To stay safe on a rural road, it’s vital to use not only the information given by signs and road markings, but also to do your own detective work to anticipate potential hazards on the road ahead, says GEM.
GEM chief executive Neil Worth commented: “Driving in the countryside is usually a great pleasure, with good views, quiet roads and a variety of interesting terrain. But country roads are used by many different people and vehicles, so it’s vital to look for the clues – some obvious, others less so – as to what might be round the next bend.
“That’s why we’re urging drivers to expect the unexpected and to make sure they always have time and space to stop safely if necessary.
“What’s round the corner on a rural road with restricted visibility? It could be another car or a motorcycle coming towards you too fast, a group of cyclists on a ride out, sheep or cattle crossing the road, a horse and rider, a wild animal, a slow-moving farm tractor…
“Until you have perfect sight of what’s ahead, you need to be ready to anticipate what could be there. By adjusting your speed and position accordingly, you’re doing your bit to keep yourself and the other road users safe.”
Simple detective work can often provide useful information about what may be on the road ahead. Here are some examples:
If you see mud on the road, expect to meet tractors or other slow-moving farm vehicles.

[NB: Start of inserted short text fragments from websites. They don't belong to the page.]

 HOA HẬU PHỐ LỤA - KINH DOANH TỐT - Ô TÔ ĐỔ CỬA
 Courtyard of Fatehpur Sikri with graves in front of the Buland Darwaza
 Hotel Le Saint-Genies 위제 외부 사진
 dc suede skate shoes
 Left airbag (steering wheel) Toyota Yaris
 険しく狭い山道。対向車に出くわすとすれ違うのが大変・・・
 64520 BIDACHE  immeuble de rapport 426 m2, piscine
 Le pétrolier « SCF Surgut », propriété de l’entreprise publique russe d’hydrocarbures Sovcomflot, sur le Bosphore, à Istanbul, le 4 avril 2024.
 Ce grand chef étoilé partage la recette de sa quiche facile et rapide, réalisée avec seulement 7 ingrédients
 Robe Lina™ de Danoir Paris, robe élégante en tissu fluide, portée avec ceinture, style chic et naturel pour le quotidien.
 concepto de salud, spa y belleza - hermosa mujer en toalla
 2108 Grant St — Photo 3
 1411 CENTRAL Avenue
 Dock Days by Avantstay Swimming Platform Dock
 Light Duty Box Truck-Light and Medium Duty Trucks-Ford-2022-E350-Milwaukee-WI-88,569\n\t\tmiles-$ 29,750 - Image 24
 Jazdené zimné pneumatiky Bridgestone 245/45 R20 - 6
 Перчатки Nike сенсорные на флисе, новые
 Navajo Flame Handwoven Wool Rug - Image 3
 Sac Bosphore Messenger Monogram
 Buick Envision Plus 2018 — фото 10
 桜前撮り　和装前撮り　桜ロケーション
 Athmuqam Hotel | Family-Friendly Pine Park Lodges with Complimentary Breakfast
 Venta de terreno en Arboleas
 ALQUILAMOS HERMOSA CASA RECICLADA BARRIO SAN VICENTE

If you smell (or see) fresh-cut grass, look out for the mowing vehicle round the next bend.
The sight or smell of horse manure tells you that horses and riders are close by.
If there are wheelie bins at the end of driveways, then watch out for the bin lorry.
GEM has prepared a selection of five simple driver tips to help improve rural road safety:
What are the signs telling you?
Make sure you use any existing signage to help you. Usual signs include a series of white chevron signs on a black background, indicating a sharp bend. Slow down, even if the posted speed limit is 30 mph.
Room for two?
The narrowness of country lanes means that passing places are sometimes provided into embankments or verges. Be prepared to reverse into these if necessary.
Stay safe by never exceeding the signed limit. Country lanes are often used as a short cut or an escape from congested main roads. Using them may actually be a longer way round to your destination leading you to be in a hurry. Slow down.
Country lanes may be in a poor state of repair. At any sign of this be ready for pot-holes and other broken surfaces that can seriously damage your vehicle.
Give horse riders a very slow and wide berth and keep your distance until it becomes safe to pull past.